With the magnificent Meiji shrine behind them, kimono brocades catching the sun and their coming-of-age ceremony about to begin in the Shibuya district of Tokyo, seven Japanese friends hold an urgent meeting, mobile phones in hand. Thumbs move in a blur as staff urge them to hurry inside.
Rival thrift sites flicker across screens. One of the group shouts in triumph: If they get to the restaurant by 3pm with the right coupons, they will save 1,220 yen (S$15) collectively on the after-party bill.
They agree and dash into the hall.
Everyone can relax now, one of them explains, because money has been saved.
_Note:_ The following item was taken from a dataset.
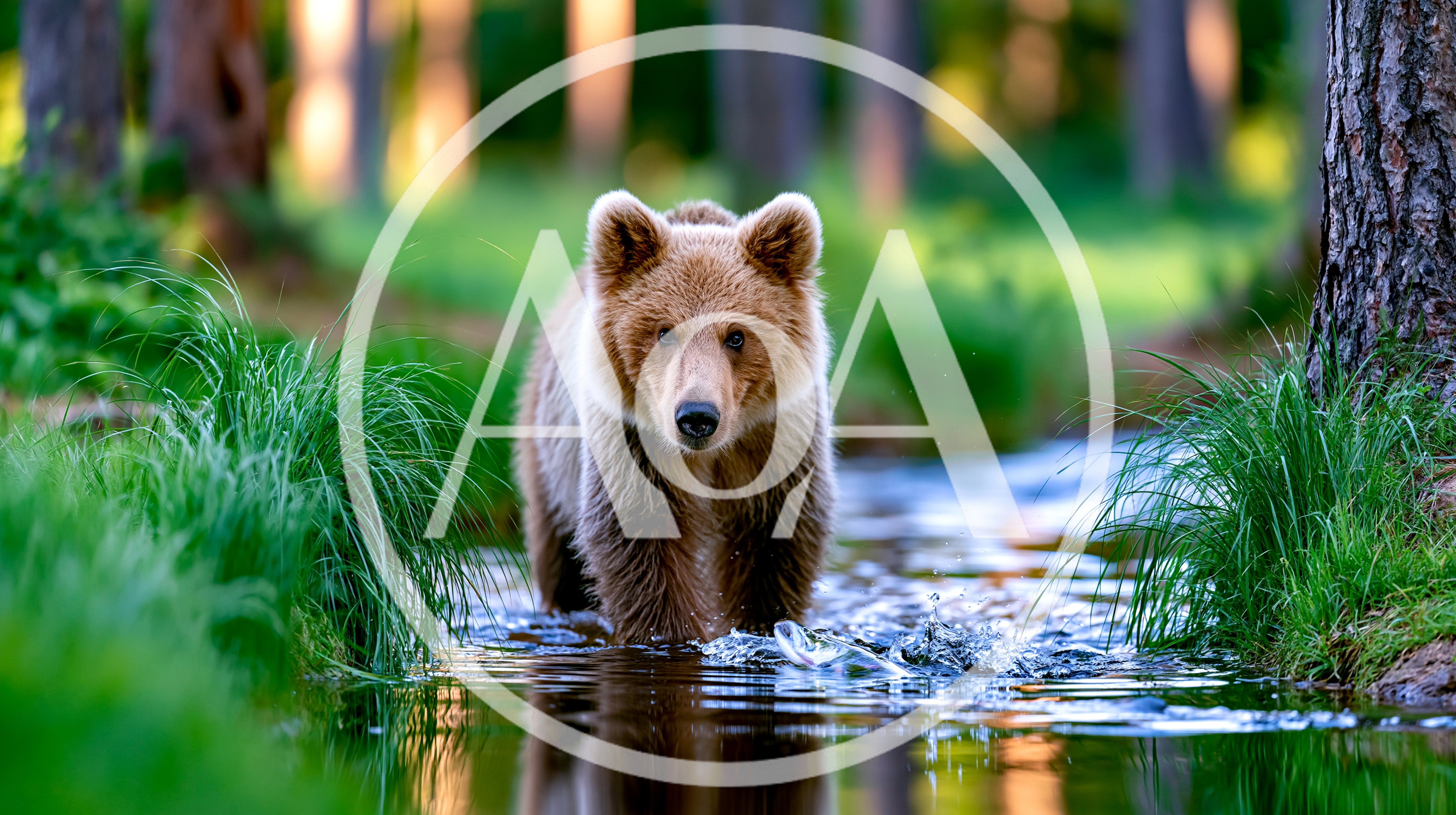 Young Brown Bear Walking Through Shallow Forest Stream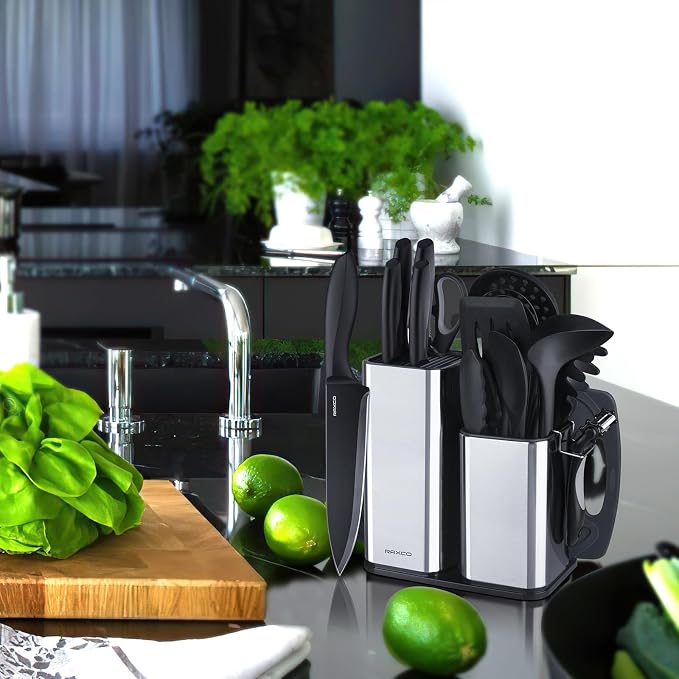 Kitchen Utensils Set,18-Piece Cooking Utensils and Knife Set,Black | Food-grade Silicone Heat-safe to 410°F, Detachable Stainless Steel Holder, 5 Kitchen Knives and Cutting Board All-in-one - Image 2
This generation of 20-year-olds celebrating their coming of age across the country is the first to have lived their entire lives with the economy in a broad state of deflation. They think small. They trust only with caution. They see the future as a string of cash-draining emergencies.
This year's celebrants, born in 1995 and 1996, are the first to have spent their entire journey to adulthood in an economy of mostly falling consumer prices.
Their lives have been so infused by the phenomenon that several say deflation - one of the main obstacles to growth through the 2000s - has evolved into a source of low-level apprehension that limits ambition.